Your instructions. Scan the records below for the line containing "狗狗持续呕吐怎么办？原因分析与处理指南" and the line containing "Safavieh Anatolia an516b". Copy both, plus every line between, exactly.

▼▼▼

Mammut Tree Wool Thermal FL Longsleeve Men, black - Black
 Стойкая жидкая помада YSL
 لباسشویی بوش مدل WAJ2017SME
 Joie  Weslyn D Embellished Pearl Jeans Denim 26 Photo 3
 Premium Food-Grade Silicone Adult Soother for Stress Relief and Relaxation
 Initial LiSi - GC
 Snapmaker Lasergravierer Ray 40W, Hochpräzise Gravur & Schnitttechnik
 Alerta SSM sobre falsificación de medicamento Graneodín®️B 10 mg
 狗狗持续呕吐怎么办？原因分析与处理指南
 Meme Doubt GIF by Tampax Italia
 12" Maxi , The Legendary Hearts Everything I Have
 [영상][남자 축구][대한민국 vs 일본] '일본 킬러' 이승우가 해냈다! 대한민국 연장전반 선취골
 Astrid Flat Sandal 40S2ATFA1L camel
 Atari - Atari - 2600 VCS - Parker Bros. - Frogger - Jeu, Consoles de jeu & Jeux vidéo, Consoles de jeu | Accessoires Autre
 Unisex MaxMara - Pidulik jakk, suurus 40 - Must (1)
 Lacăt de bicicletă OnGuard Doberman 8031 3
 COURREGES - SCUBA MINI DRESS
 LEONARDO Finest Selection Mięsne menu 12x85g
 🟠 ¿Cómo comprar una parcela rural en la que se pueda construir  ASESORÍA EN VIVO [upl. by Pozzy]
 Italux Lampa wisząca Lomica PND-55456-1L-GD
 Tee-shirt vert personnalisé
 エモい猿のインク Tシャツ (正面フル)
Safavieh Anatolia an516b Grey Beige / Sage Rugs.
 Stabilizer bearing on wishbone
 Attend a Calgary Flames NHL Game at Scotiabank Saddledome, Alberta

▲▲▲

The answer.
 狗狗持续呕吐怎么办？原因分析与处理指南
 Meme Doubt GIF by Tampax Italia
 12" Maxi , The Legendary Hearts Everything I Have
 [영상][남자 축구][대한민국 vs 일본] '일본 킬러' 이승우가 해냈다! 대한민국 연장전반 선취골
 Astrid Flat Sandal 40S2ATFA1L camel
 Atari - Atari - 2600 VCS - Parker Bros. - Frogger - Jeu, Consoles de jeu & Jeux vidéo, Consoles de jeu | Accessoires Autre
 Unisex MaxMara - Pidulik jakk, suurus 40 - Must (1)
 Lacăt de bicicletă OnGuard Doberman 8031 3
 COURREGES - SCUBA MINI DRESS
 LEONARDO Finest Selection Mięsne menu 12x85g
 🟠 ¿Cómo comprar una parcela rural en la que se pueda construir  ASESORÍA EN VIVO [upl. by Pozzy]
 Italux Lampa wisząca Lomica PND-55456-1L-GD
 Tee-shirt vert personnalisé
 エモい猿のインク Tシャツ (正面フル)
Safavieh Anatolia an516b Grey Beige / Sage Rugs.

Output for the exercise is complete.